You formed your LLC and hired some developers with the money you raised on that first friends and family round. You developed a viable product and an impressive business plan. You turn to VCs and independent investors for money but find yourself being told — for like the fifth time— that you may want to consider converting your LLC to a Corporation.

So… should you?
 
From a corporate governance and capitalization perspective, this switch generally makes sense when a startup is opening itself up to investor capital. It also usually makes sense from a practical perspective as well.
 
For starters, equity interests in corporations are reflected as shares of stock, whereas equity interests in an LLC are usually reflected as a percentage interest.
 
As such, the corporation is generally able to issue additional shares, or keep shares in treasury (for equity compensation vesting, for debt to equity conversions, for new offerings, etc).
 
 This also allows for share certificates that survive events of dilution. Here’s what I mean:
 
 Compare the implications of “Brian has 100,000 shares of Company X”, to “Lisa has 10% of the membership interests of the LLC”.
 
In the first example, if Company X for some reason related to its capitalization needs goes from having 1,000,000 issues shares to 2,000,000 issued shares, Brian still has 100,000 shares.
 
 On the other hand, if the LLC in the second example undertakes a similar dilutive event—for example, because it brought in more capital, — Lisa now has 5%. This means that if the LLC issued a certificate reflecting her 10% ownership at some point, the LLC now needs to track Lisa down and convince her to swap it for one reflecting 5%!
  
Sure, an LLC can have “units” as opposed to membership interests reflected in percentages, and Lisa’s certificate can reflect 100,000 units, instead of 10%. In this sense, the LLC can act as a corporation, with units. Maybe we can even call them “shares”, why not.
  
The LLC can choose to include board of director type governance within its operating agreement, so that members vote for directors who, in turn, vote on most key issues.
  
The LLC can also designate executive positions like a corporation.

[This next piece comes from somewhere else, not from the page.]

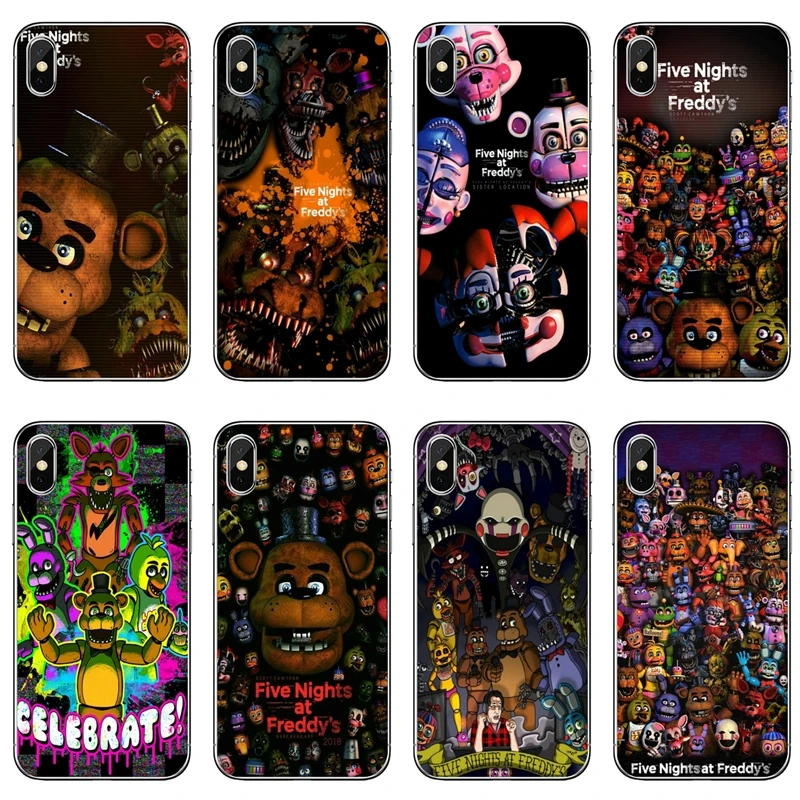 Чехол для телефона из ТПУ Полная группа FNAF Samsung Galaxy M30 A70 A60 A50 A40 A30 A10 A9 A8 A6 J8 J4 J6 Prime Plus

This would be in contrast with working with the traditional LLC roles of direct voting by members on most issues (rather than by a board), and designating a manager or managers that may or may not be members.
  
And an equity compensation plan can be made for this LLC. Incentive stock options can be redrafted as incentive unit options, and non-qualified stock options can be redrafted as non-qualified unit options—checking, of course, for any tax implications first. Or maybe we are still calling these units “shares”…
  
And the corresponding changes can be made to the additional equity grant notices and agreements, indicating that we are working with units of an LLC as opposed to shares of a corporation.
  
Convertible notes can then be prepared reflecting that we are dealing with LLC units rather than shares, and note purchase agreements would also be drafted to that effect.
  
And then, when it’s time for the Series A round, a Series A charter can be prepared amending the LLC’s formation document to reflect the new makeup of units and preferred units. We could also address the various rights of these preferred units in a new operating agreement or within the amended formation document.
  
As you may have caught on, the point is that you can usually work within your LLC structure and still experience capitalization events by calling your interests units rather than reflecting them as pure percentage interests.
 
You can also paint your brand new car an entirely different color from the original, and change some engine components while you’re at it just to throw off the maintenance team. (This isn’t legal advice!)
 
But take note that, as an attorney that often represents investors when undertaking investments into LLCs that refuse to join the rest of the world of startups that are seeking VC money, I will generally be pretty annoyed with your lawyers if they are insisting on having my investor client invest in your LLC structure and reinventing every legal document to adapt for this approach.
 
Save your lawyer time (and yourself some legal fees). If you’re opening your LLC up for VC or other private money, consider listening to the investors’ suggestion to convert from LLC to Corp. Discuss it with your attorney and your accountant, maybe it is the right move. It’s probably the most considerate move, too, if that counts for anything.